In difficult times, it is natural to come together and seek safety in what feels familiar; to bolt doors and windows, turn up the music, and catch a breath for a moment before life comes crashing in again. Better if in the company of someone who shares the same passions, the same outlook on things, and if a thin wisp of acrid-smelling smoke snakes its way outside from under the door, well, let's just hope the local patrols are not in the area tonight.
You prepare a fortress within which to withstand the anxious siege of perceived reality, and you fall back on what you know best to seek the reassuring warmth of habit.
Which, if you have a morbid inclination for abyssal bass, if you are obsessed with syncopated rhythms, and especially if you have around you a dozen or so of the most prominent figures of modern and past dancehall, then it means: A) you are The Bug, B) you have nailed the album that best summarizes the spirit of the times we live in.
The assault is furious from the first to the last chapter of this London Zoo, and the different vocal styles of the MC's and the (minimal, it must be said) variations in rhythm are not enough to loosen the pressure that oppresses our temples as we mindlessly turn the volume knob until clouds of plaster start falling from the ceiling.
The stylistic guise of the album is that of the purest dancehall, with the DJ selector arranging the tracks and the vocalists taking turns on the pieces, but the end result is something extremely modern and menacing, and it's no coincidence that The Bug is also Techno Animal, God, Ice, and has collaborated with Zorn, Justin Broadrick, Alec Empire, Dalëk, Mark Stewart, and many others.
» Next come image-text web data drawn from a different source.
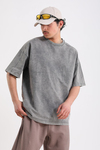 Acid Wash Dikiş Detay Füme Oversize Tshirt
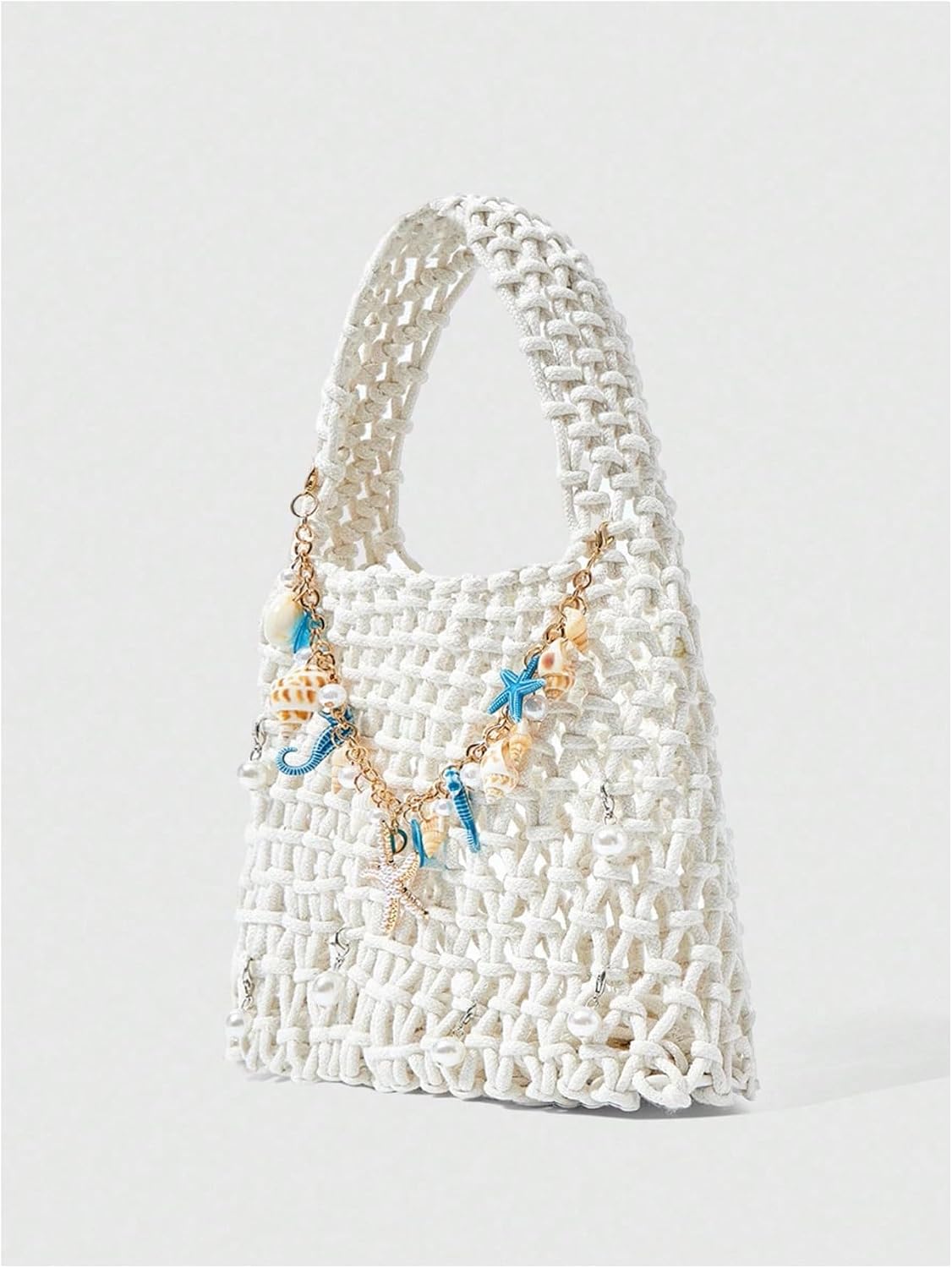 Floerns Women's Starfish Crochet Bag Clutch Purse Beach Tote Hollow Out Handbag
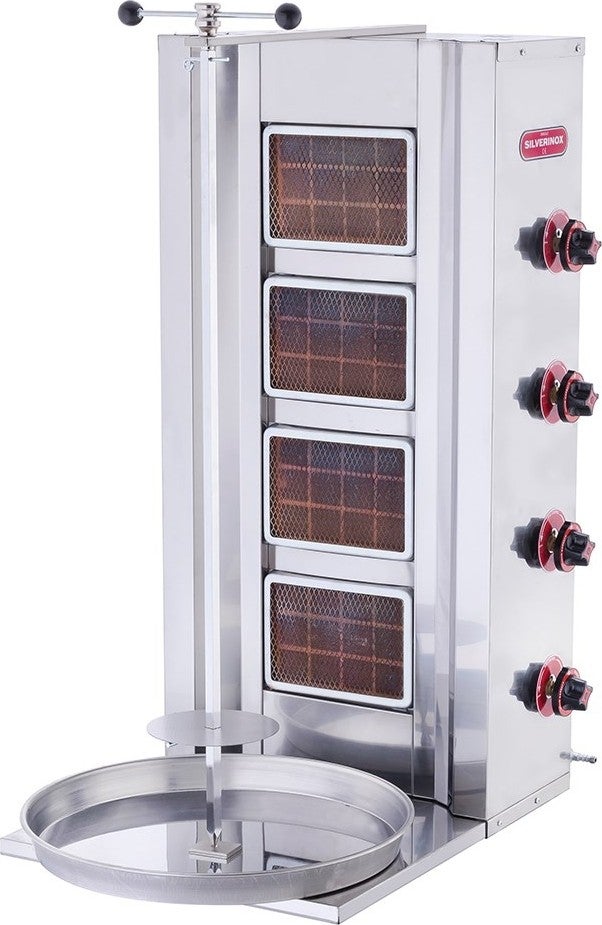 Işıkgaz Silverinox Industrial Natural Gas 4 Radian Doner Kebab Machine 
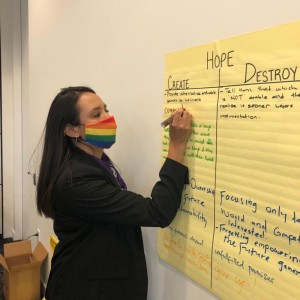 Paola Lopez Santillan, an LGBTQI+ activist from Mexico participates in a leadership training exercise led by Gallup.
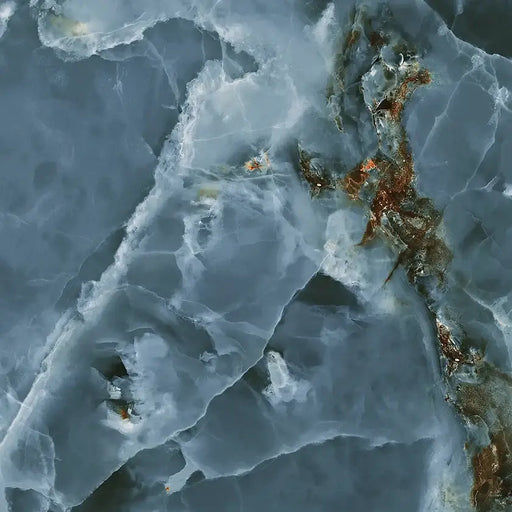 Iceland Onyx Marble Navy Blue cut sample TILEJOB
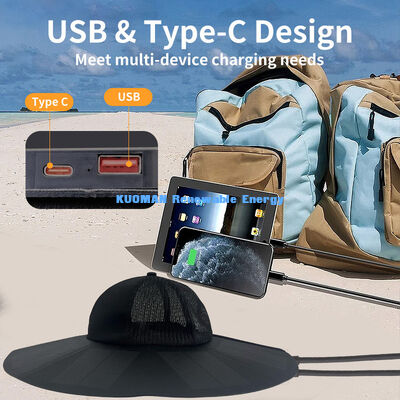 KM 신형 접이식 휴대용 충전식 태양광 모자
The most radical influences in music over recent years, from dub to industrial, from techno to free jazz, lend their charge of noise subversion to the expansive foundations forged by the artisan The Bug, and it doesn't matter if the microphone is taken by some fallen star (Tippa Irie, Ricky Ranking) or innovators of a dazzling present (Spaceape, Warrior Queen), the result is always extraordinary and strikes hard with compactness and precision.
No mushy dubstep here: reverberated and raw beats like a blade of grass playing its cards in the cracks of sun-baked asphalt, basses piercing the decaying flesh of intestines and sending vital stimuli to the soles of the feet that refuse to stay still, nursery rhymes in Jamaican patois summarizing ancient wisdom and modern miseries.
That's it, and for me, it's the best of 2008.